Now that they're done pepper spraying defenseless protesters, the NYPD is working with Occupy Wall Street to combat crime. In the weeks after Hurricane Sandy, the Red Hook neighborhood in Brooklyn was without, as the New York Post puts it, "power or electricity," leaving residents and businesses vulnerable to any number of crimes. And yet, no storm-related crime was reported, despite spikes in other NYC neighborhoods. The reason?

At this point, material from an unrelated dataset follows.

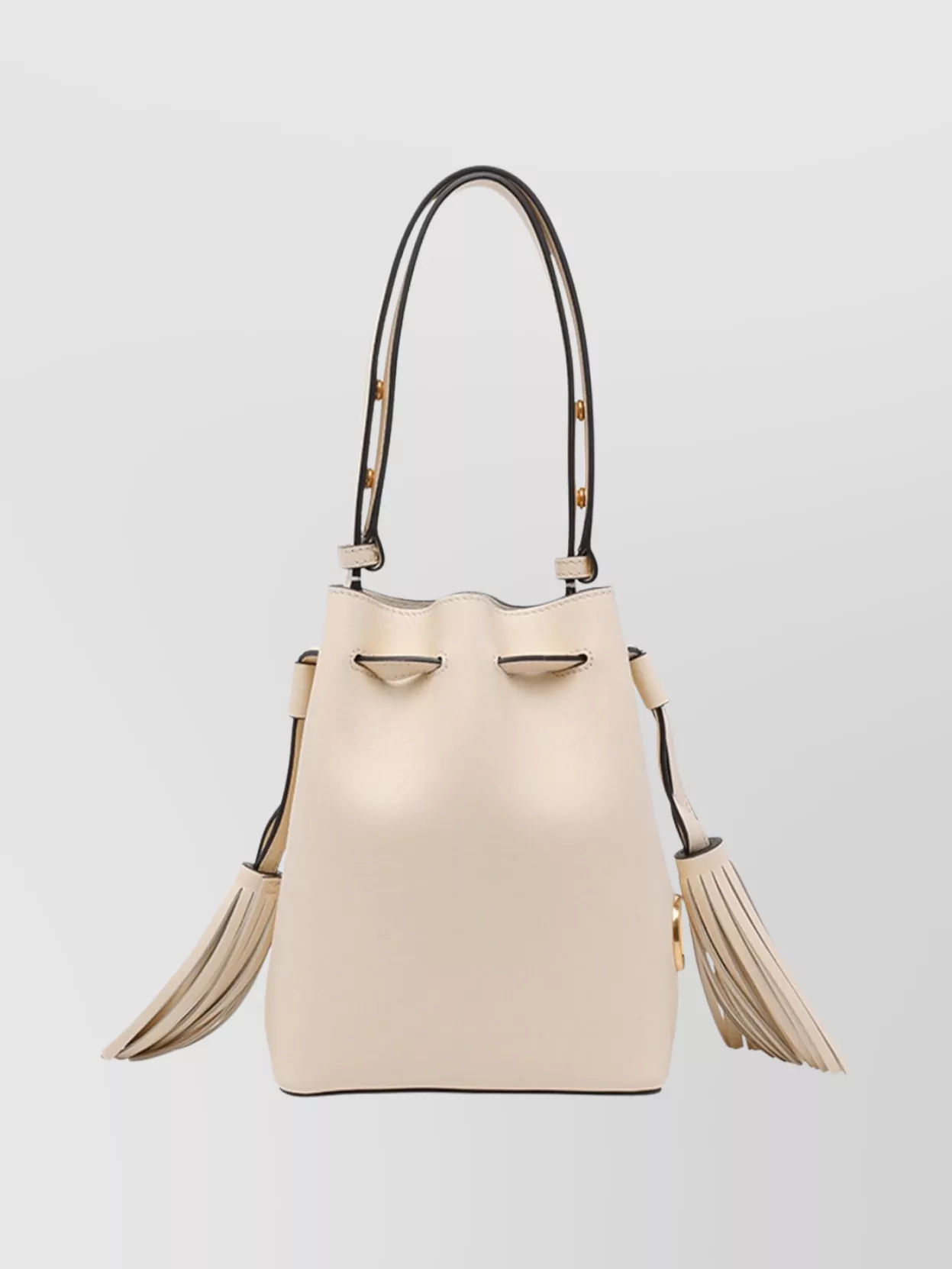 Valentino Small Drawstring Bucket Bag And Tassels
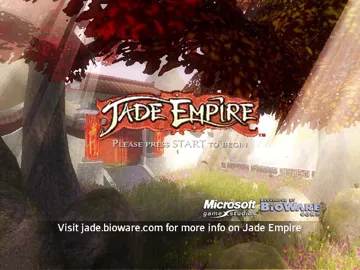 Jade Empire (USA) screen shot title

Occupy Wall Street, according to the NYPD.
Police sources have credited the drop in crime to an unlikely coalition that included the NYPD, Occupy Wall Street activists, and local nonprofits working together to keep storm victims safe.
"This crisis allowed us all to remove the politics and differences we had to do our job, and come to the aid of the people," said a police source yesterday. "We all rose to the occasion."
In nearby Coffee Park, the NYPD worked with Occupy volunteers to set up tents, distribute food and medicine. Kirby Desmarais, a Occupy Wall Street activist, told the Post she had the unique experience of working with old foes the NYPD, the mayor's office and the National Guard.
"It was intense, it was working, and it was awesome," Desmaris, a volunteer coordinator for the Red Hook Coalition, said. "There was a shift in the energy in the community."